- Stored items:
--------------------
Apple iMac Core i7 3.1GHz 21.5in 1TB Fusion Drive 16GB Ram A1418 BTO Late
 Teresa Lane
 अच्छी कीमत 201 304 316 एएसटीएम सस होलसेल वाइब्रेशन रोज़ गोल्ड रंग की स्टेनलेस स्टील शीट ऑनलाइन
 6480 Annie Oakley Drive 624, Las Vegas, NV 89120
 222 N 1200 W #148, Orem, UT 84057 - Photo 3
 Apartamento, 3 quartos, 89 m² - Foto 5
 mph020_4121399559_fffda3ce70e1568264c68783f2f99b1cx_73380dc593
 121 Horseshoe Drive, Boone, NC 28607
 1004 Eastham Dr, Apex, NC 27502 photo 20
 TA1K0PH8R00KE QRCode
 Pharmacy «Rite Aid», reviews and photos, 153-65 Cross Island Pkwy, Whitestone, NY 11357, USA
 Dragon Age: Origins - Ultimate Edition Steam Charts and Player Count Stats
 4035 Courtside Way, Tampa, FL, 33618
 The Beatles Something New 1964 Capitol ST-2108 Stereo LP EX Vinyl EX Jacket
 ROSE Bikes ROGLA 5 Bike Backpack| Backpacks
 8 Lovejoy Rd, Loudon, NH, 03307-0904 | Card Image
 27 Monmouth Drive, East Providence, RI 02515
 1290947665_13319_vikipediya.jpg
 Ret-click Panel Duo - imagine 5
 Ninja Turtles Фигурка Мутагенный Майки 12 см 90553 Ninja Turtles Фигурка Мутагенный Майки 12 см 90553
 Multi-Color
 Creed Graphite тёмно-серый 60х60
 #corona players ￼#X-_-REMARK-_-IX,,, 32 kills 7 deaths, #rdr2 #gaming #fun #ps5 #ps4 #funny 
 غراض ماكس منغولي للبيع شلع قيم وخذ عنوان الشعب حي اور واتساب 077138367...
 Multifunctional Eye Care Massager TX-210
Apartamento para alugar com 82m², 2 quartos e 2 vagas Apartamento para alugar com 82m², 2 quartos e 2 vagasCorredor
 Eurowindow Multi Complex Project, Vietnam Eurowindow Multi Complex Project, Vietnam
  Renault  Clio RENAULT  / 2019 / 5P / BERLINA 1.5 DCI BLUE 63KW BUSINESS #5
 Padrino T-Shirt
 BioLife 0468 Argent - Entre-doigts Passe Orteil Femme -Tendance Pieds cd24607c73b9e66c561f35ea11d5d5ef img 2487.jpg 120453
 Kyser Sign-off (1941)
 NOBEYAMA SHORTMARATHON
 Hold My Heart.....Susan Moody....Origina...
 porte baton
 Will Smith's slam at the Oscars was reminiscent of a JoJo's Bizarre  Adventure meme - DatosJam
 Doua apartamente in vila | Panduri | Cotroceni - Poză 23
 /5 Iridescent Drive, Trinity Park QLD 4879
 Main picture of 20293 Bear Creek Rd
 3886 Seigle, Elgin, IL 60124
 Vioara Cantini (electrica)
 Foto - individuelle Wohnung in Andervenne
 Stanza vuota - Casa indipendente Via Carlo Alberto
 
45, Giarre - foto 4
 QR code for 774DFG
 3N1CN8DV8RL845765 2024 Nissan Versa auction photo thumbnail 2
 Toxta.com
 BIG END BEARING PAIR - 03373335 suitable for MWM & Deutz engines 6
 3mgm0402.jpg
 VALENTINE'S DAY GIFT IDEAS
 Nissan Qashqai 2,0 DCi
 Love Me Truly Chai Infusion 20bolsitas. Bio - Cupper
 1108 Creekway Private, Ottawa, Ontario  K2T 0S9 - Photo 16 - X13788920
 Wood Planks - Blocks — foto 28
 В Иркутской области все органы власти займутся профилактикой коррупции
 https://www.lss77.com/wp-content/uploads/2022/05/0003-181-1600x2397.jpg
--------------------
- Problem statement: Print exactly the lines above from the one with "222 N 1200 W #148, Orem, UT 84057 - Photo 3" to the one with "The Beatles Something", including both.

- Response to the exercise:
 222 N 1200 W #148, Orem, UT 84057 - Photo 3
 Apartamento, 3 quartos, 89 m² - Foto 5
 mph020_4121399559_fffda3ce70e1568264c68783f2f99b1cx_73380dc593
 121 Horseshoe Drive, Boone, NC 28607
 1004 Eastham Dr, Apex, NC 27502 photo 20
 TA1K0PH8R00KE QRCode
 Pharmacy «Rite Aid», reviews and photos, 153-65 Cross Island Pkwy, Whitestone, NY 11357, USA
 Dragon Age: Origins - Ultimate Edition Steam Charts and Player Count Stats
 4035 Courtside Way, Tampa, FL, 33618
 The Beatles Something New 1964 Capitol ST-2108 Stereo LP EX Vinyl EX Jacket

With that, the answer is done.